## EXERCISE BRIEF
Wherever "Orange" appears in the records below, copy the line that holds it.
BEGIN
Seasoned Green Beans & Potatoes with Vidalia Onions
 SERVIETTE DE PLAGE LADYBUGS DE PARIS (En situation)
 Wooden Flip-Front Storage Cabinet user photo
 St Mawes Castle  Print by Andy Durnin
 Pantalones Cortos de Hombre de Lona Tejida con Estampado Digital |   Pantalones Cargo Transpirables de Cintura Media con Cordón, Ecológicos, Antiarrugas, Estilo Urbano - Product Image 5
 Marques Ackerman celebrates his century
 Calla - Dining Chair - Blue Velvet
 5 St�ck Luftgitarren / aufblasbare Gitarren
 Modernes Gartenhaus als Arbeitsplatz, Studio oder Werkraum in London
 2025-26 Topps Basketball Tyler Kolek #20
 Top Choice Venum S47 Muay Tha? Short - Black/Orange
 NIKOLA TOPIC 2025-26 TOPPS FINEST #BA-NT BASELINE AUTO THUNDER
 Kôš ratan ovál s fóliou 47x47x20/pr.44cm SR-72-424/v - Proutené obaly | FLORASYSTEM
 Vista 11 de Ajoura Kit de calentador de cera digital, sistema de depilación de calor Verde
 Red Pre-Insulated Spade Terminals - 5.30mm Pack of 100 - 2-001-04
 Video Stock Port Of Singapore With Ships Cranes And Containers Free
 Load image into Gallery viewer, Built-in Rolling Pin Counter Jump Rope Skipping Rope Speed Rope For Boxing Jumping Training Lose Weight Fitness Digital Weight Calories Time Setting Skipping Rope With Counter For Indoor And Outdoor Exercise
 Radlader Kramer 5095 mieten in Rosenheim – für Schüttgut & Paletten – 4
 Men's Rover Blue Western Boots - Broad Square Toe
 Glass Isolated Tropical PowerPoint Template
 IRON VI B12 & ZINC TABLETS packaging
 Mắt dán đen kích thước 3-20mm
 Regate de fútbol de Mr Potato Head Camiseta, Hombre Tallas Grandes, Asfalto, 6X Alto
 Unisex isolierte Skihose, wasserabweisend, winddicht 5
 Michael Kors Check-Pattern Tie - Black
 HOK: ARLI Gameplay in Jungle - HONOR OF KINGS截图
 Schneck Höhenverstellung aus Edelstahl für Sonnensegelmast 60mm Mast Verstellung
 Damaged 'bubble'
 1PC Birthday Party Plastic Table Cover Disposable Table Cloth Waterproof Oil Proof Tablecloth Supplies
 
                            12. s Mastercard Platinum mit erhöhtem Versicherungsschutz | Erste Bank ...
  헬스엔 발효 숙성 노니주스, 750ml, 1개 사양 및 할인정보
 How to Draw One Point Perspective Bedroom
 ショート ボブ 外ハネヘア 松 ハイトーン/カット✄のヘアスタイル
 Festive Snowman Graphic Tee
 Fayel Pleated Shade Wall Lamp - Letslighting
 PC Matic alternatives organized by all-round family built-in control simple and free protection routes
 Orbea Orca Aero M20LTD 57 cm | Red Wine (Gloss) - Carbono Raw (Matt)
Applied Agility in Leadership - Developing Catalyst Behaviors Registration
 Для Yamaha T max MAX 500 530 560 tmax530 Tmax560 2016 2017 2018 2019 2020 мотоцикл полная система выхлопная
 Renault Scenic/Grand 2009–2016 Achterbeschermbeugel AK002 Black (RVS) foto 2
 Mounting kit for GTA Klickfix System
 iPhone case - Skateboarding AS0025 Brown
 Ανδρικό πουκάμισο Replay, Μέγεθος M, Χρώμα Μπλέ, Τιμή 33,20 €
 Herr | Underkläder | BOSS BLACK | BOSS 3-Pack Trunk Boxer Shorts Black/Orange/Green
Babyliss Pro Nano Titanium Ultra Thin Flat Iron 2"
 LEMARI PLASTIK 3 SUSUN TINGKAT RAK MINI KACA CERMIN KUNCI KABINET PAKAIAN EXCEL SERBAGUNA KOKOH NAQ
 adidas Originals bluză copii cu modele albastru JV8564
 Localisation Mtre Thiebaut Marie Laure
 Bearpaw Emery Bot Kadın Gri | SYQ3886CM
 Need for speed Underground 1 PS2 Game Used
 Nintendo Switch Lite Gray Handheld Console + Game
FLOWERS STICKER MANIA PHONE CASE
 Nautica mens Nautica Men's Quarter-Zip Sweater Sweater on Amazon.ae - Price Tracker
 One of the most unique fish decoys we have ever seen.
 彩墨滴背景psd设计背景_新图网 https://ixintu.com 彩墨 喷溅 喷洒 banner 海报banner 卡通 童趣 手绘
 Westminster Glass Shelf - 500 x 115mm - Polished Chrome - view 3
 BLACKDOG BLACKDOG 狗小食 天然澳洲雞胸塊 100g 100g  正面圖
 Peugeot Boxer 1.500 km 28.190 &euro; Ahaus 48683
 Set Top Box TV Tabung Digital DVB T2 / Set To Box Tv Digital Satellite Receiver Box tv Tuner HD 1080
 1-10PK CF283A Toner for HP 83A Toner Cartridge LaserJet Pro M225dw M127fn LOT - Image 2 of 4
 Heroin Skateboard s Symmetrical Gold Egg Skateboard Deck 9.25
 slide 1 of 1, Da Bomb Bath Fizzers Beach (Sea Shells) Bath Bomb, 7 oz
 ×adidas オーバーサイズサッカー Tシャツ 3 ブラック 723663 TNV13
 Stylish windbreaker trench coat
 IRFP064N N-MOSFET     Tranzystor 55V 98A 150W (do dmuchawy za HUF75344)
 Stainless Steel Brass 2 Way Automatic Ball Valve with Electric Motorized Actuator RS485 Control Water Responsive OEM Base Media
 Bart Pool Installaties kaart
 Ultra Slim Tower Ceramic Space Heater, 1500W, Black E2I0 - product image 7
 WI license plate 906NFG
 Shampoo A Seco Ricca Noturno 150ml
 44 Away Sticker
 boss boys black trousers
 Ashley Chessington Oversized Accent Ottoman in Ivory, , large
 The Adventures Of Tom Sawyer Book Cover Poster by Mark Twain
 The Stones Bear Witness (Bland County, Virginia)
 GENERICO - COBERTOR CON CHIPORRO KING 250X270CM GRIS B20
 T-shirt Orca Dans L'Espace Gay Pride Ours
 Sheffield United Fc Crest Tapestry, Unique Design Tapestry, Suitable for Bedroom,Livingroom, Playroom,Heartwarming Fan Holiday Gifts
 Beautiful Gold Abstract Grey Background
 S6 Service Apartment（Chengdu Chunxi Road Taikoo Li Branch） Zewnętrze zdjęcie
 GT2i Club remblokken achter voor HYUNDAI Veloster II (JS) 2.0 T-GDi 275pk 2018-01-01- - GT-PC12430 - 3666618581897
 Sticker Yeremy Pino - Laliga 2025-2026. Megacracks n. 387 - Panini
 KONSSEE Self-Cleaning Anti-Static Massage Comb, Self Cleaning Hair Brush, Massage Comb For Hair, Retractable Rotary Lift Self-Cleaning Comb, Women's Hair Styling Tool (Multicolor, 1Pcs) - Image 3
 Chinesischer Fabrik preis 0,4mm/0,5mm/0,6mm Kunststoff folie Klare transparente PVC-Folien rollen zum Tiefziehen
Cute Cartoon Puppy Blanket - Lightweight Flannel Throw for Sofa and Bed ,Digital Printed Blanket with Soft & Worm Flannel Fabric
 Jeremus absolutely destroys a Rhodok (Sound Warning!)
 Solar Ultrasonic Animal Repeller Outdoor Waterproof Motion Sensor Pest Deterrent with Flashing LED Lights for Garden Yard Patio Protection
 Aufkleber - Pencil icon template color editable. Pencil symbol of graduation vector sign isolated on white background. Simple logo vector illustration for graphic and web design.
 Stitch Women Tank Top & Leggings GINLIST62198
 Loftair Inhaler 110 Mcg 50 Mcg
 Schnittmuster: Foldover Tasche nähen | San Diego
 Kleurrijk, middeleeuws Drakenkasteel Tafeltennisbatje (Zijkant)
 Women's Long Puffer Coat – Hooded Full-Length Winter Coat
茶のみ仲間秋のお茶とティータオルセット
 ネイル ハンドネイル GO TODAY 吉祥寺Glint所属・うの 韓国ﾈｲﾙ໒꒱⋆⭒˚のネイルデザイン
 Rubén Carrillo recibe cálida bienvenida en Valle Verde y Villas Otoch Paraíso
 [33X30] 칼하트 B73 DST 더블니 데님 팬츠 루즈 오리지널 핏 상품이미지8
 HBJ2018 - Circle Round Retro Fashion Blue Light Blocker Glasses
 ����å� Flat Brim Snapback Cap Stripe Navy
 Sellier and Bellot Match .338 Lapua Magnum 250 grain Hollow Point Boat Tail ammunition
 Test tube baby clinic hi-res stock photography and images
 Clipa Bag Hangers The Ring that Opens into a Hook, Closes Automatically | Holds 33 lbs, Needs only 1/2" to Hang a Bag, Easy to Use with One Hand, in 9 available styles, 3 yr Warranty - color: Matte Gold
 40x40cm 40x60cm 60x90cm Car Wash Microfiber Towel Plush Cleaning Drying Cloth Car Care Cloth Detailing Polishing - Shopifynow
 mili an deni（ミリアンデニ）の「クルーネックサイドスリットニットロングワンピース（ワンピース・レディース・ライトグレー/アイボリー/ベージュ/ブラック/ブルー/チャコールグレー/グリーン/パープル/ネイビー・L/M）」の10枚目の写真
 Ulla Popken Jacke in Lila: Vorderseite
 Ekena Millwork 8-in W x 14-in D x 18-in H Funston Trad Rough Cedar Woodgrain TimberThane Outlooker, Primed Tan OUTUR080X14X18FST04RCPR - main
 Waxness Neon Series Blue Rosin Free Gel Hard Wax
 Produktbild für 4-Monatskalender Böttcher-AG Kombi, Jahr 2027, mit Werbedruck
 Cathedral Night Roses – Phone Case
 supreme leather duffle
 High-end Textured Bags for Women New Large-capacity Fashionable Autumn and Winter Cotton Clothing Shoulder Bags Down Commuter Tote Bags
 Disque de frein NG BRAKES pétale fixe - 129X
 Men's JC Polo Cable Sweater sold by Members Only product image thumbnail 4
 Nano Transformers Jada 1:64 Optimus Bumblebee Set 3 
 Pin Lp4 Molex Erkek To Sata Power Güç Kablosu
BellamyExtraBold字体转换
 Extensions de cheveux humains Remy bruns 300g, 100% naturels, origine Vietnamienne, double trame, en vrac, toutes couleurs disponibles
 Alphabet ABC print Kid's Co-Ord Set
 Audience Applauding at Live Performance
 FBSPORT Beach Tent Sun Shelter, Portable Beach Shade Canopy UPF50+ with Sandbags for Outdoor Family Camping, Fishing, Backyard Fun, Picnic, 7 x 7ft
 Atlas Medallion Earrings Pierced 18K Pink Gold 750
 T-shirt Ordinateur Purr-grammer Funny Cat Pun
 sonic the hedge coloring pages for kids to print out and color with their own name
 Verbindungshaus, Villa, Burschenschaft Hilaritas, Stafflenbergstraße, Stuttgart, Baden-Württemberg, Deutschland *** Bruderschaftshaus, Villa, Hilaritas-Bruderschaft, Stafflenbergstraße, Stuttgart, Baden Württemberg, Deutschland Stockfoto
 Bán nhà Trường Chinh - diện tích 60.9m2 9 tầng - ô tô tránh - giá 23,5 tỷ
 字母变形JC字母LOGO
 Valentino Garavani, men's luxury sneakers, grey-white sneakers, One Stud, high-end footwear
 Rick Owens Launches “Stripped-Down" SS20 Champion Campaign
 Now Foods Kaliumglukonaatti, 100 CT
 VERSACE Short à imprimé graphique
END
## RESULT FOR THIS EXERCISE
 Top Choice Venum S47 Muay Tha? Short - Black/Orange
 Herr | Underkläder | BOSS BLACK | BOSS 3-Pack Trunk Boxer Shorts Black/Orange/Green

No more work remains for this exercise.